TO DO:
Reproduce all the entries exactly and keep the pictures out.

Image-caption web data

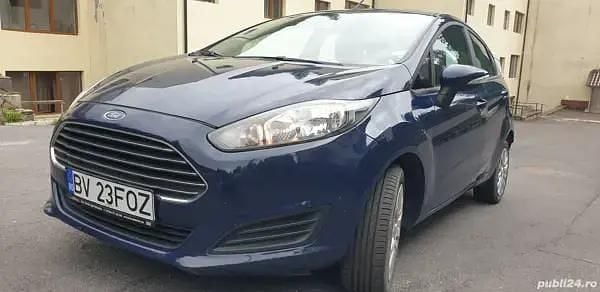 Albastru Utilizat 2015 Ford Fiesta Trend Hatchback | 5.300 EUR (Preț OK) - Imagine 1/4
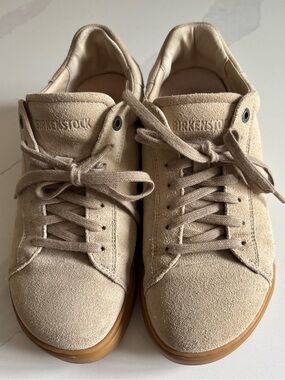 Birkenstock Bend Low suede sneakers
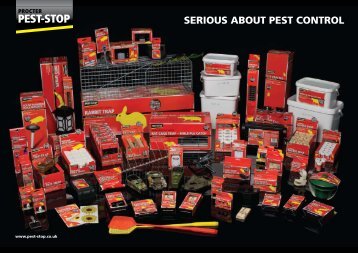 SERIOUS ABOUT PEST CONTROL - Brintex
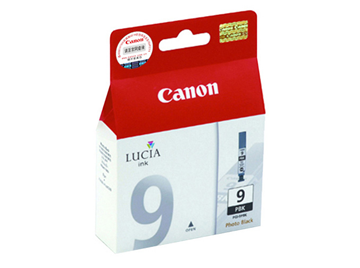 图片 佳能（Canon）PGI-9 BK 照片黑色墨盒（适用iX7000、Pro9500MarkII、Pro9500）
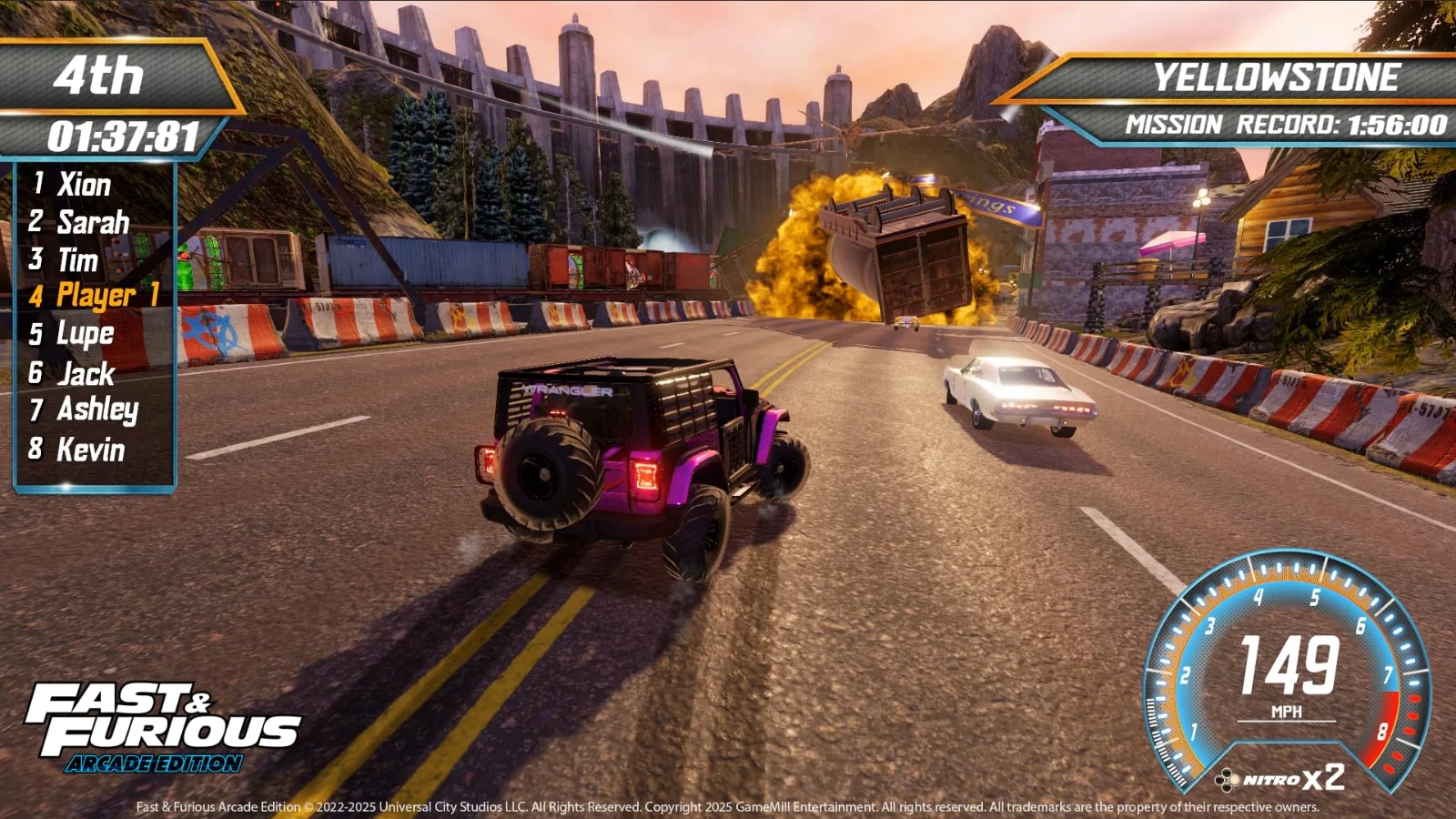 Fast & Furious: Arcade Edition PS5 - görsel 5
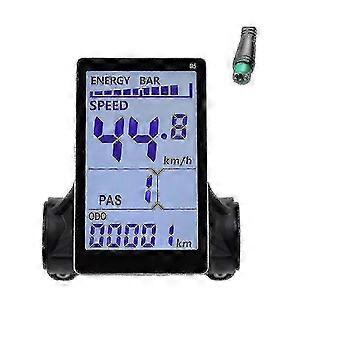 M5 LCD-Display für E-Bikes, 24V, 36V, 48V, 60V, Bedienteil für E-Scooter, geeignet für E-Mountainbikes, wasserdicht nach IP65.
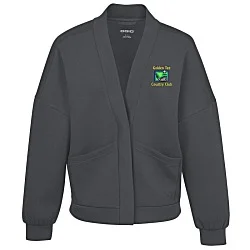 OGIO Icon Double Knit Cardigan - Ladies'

PROBLEM SOLUTION:
 Albastru Utilizat 2015 Ford Fiesta Trend Hatchback | 5.300 EUR (Preț OK) - Imagine 1/4
 Birkenstock Bend Low suede sneakers
 SERIOUS ABOUT PEST CONTROL - Brintex
 图片 佳能（Canon）PGI-9 BK 照片黑色墨盒（适用iX7000、Pro9500MarkII、Pro9500）
 Fast & Furious: Arcade Edition PS5 - görsel 5
 M5 LCD-Display für E-Bikes, 24V, 36V, 48V, 60V, Bedienteil für E-Scooter, geeignet für E-Mountainbikes, wasserdicht nach IP65.
 OGIO Icon Double Knit Cardigan - Ladies'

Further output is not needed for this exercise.